Seeing Bedford Village for the first time is breathtaking. It appears over a crest in the road, in all its stark Puritan perfection, like a stage set from The Scarlet Letter: the Village Green, the 17th-century Old Burying Ground, the stern Bedford Presbyterian Church, painted white like the other buildings as the strict historic guidelines dictate.
“We get a lot of people from the City and down-county, from Chappaqua,” says James Renwick, principal broker at Renwick Sotheby’s International Realty. “They want the rural setting, more open space.” He adds that scenes from the 1967 movie Valley of the Dolls were filmed here, with Bedford doubling as “the quintessential New England town.”

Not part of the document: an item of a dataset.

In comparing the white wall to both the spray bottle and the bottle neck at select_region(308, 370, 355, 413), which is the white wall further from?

The first time Alison D’Eletto saw Bedford Village (it’s actually a hamlet) in 2006, she had “a wow feeling. It was like something out of another century. It was so sweet, so charming.” A senior colorist at Premier Atelier Salon at The Westchester in White Plains, D’Eletto grew up in Pelham Gardens, the Bronx, and always dreamed of raising kids in the country. She and her fiancé (now husband) Stephen had looked in Ridgefield, Connecticut, but Stephen was from Katonah and had friends and family in the area. They found a 1940s Colonial on one acre near the park and the pool. The lack of a Metro-North station in the village was no deterrent; her husband, who’s in medical sales, drives to his job, and D’Eletto hops on 684 and is at work in 20 minutes.

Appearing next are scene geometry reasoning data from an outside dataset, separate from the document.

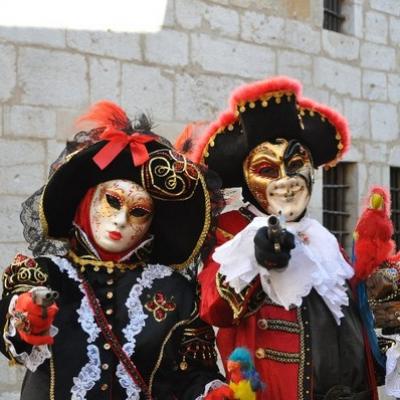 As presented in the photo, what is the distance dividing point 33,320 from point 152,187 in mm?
672

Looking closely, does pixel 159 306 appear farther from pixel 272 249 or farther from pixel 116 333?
pixel 272 249

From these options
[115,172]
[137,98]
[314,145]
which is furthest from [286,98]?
[137,98]

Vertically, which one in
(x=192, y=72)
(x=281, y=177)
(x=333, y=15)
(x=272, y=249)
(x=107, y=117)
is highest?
(x=333, y=15)

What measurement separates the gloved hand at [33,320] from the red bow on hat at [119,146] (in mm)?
560

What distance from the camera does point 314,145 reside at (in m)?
3.35

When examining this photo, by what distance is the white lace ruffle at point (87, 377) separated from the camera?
9.72 feet

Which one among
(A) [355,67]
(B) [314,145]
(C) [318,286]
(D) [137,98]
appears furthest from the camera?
(A) [355,67]

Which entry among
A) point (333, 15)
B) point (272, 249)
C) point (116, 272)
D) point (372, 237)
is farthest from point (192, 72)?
point (272, 249)

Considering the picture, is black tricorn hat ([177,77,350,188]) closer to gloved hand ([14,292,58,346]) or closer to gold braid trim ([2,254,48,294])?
gold braid trim ([2,254,48,294])

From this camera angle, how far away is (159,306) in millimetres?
3105

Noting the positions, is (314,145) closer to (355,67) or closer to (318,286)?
(318,286)

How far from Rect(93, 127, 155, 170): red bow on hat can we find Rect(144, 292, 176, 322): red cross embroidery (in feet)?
1.53

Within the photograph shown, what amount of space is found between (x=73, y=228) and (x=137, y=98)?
2479 mm

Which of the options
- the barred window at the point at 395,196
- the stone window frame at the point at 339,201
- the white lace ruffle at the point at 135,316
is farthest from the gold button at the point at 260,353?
the barred window at the point at 395,196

Now a mother of two, D’Eletto enjoys the family-friendly events centered around the Village Green, from a carnival at St. Patrick’s to barbecues to parades. “There’s face painting, a jumping castle, and you can try to win a goldfish. At Christmastime, it looks even more beautiful with all the festive lights.” Yet her five-year-old daughter loves Manhattan: “She says, ‘Mom, I’m a city girl.’”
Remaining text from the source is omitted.